Top of Given data

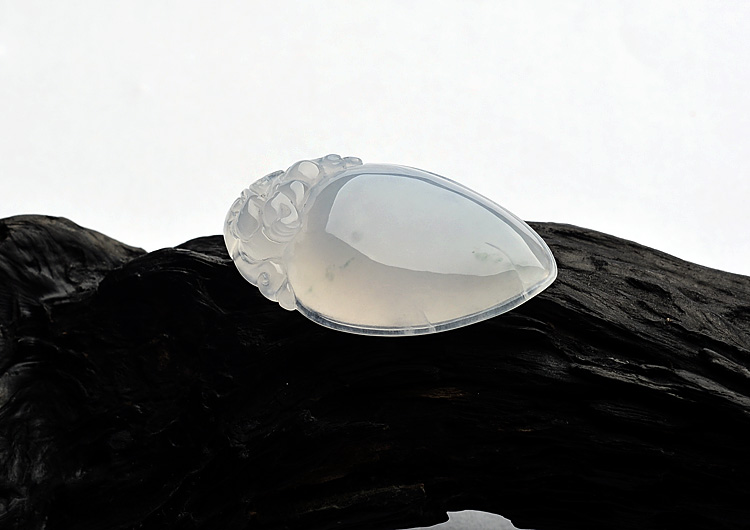 (成本清仓)冰种淡晴水寿桃挂件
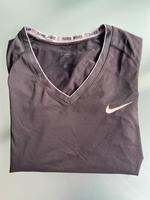 Nike Sport T-Shirt schwarz Gr. M WIE NEU! Niedersachsen - Schneverdingen Vorschau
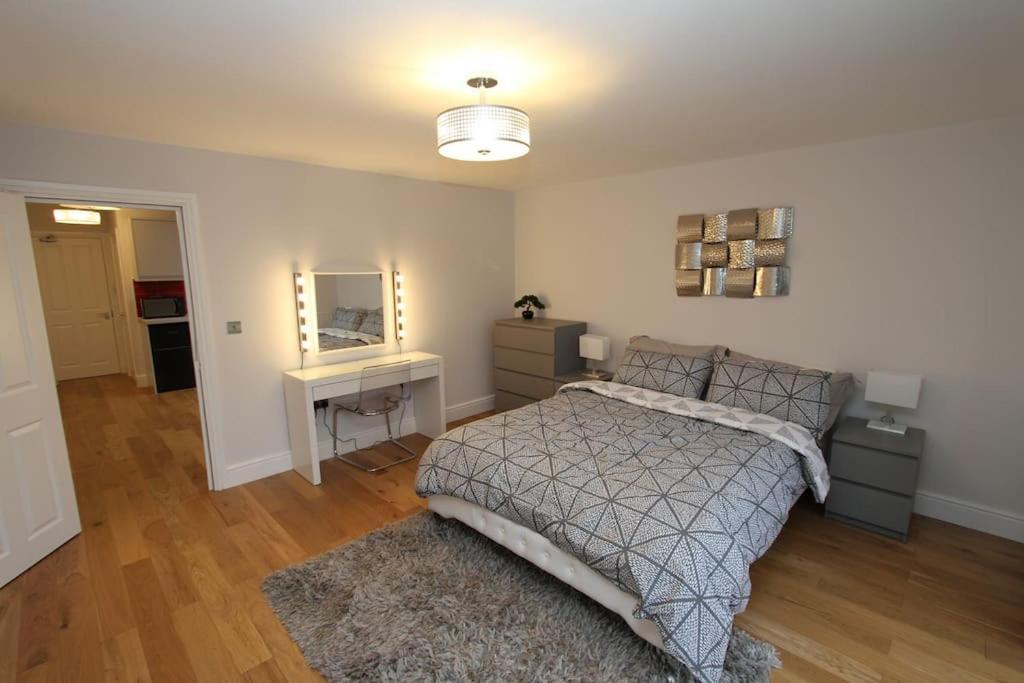 Lovely One Bed Apartment-Near All Transport-Village-Freeparking Londen Buitenkant foto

Bottom of Given data

Return the data exactly. Pictures stay out.

Result:
 (成本清仓)冰种淡晴水寿桃挂件
 Nike Sport T-Shirt schwarz Gr. M WIE NEU! Niedersachsen - Schneverdingen Vorschau
 Lovely One Bed Apartment-Near All Transport-Village-Freeparking Londen Buitenkant foto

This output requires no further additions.